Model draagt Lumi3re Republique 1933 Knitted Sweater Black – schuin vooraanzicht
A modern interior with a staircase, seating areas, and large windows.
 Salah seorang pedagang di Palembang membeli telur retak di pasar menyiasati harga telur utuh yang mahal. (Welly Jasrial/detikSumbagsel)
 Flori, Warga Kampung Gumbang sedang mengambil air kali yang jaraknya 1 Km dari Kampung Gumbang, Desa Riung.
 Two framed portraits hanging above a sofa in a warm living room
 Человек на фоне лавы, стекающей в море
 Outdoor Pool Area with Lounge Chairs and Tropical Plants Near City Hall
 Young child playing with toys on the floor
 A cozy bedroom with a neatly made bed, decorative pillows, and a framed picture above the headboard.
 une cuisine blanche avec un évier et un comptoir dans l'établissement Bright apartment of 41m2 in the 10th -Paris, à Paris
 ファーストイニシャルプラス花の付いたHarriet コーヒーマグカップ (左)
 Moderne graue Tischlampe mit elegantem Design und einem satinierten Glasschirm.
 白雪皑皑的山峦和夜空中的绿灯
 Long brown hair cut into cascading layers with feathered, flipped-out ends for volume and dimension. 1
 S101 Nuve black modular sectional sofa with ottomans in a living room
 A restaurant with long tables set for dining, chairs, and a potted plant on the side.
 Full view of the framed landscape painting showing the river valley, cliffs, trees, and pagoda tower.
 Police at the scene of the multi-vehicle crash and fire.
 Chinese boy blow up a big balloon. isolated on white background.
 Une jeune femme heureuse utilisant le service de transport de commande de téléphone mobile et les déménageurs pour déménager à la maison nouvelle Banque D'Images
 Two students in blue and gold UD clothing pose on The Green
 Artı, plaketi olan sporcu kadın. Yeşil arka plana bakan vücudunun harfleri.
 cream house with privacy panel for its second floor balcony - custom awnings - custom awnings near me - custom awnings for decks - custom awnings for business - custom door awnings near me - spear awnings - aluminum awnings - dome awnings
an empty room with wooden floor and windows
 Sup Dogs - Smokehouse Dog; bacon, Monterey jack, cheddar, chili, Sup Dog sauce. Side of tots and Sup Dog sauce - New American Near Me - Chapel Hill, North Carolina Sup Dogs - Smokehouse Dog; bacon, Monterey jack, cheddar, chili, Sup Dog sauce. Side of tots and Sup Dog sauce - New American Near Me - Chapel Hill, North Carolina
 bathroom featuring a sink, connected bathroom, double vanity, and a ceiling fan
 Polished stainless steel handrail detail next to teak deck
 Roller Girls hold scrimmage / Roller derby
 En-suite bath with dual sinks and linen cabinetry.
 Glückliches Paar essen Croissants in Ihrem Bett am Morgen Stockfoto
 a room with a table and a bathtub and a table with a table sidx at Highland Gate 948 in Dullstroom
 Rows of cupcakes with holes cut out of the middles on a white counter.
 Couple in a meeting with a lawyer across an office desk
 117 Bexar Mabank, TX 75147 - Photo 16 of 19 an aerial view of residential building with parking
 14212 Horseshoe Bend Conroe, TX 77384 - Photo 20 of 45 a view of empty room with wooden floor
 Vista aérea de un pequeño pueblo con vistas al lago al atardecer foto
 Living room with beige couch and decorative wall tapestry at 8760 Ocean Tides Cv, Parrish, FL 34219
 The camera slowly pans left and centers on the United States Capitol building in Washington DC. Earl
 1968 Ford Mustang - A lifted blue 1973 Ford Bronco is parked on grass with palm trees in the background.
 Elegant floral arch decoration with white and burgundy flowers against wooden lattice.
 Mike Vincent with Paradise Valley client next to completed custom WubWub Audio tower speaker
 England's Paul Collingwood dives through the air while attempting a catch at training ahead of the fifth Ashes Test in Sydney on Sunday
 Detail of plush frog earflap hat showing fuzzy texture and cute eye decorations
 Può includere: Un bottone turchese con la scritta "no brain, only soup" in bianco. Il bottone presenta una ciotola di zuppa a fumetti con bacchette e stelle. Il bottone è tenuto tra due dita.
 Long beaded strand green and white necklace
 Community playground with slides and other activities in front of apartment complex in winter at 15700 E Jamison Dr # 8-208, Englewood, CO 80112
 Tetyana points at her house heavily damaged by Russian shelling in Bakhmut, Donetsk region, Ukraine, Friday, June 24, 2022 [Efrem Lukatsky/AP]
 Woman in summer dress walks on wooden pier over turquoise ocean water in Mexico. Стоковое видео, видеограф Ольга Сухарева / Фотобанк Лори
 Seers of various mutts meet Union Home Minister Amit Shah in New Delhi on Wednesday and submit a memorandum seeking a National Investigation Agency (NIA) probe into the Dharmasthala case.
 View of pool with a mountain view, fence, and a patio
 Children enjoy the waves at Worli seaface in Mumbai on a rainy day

┄┄┄┄┄┄┄┄┄┄

§ **PROBLEM REQUIREMENTS**
Print exactly and only the lines that start at the line with "Mike Vincent with" and run through the end of the listing above.

§ **ANSWER TO THIS TASK**
 Mike Vincent with Paradise Valley client next to completed custom WubWub Audio tower speaker
 England's Paul Collingwood dives through the air while attempting a catch at training ahead of the fifth Ashes Test in Sydney on Sunday
 Detail of plush frog earflap hat showing fuzzy texture and cute eye decorations
 Può includere: Un bottone turchese con la scritta "no brain, only soup" in bianco. Il bottone presenta una ciotola di zuppa a fumetti con bacchette e stelle. Il bottone è tenuto tra due dita.
 Long beaded strand green and white necklace
 Community playground with slides and other activities in front of apartment complex in winter at 15700 E Jamison Dr # 8-208, Englewood, CO 80112
 Tetyana points at her house heavily damaged by Russian shelling in Bakhmut, Donetsk region, Ukraine, Friday, June 24, 2022 [Efrem Lukatsky/AP]
 Woman in summer dress walks on wooden pier over turquoise ocean water in Mexico. Стоковое видео, видеограф Ольга Сухарева / Фотобанк Лори
 Seers of various mutts meet Union Home Minister Amit Shah in New Delhi on Wednesday and submit a memorandum seeking a National Investigation Agency (NIA) probe into the Dharmasthala case.
 View of pool with a mountain view, fence, and a patio
 Children enjoy the waves at Worli seaface in Mumbai on a rainy day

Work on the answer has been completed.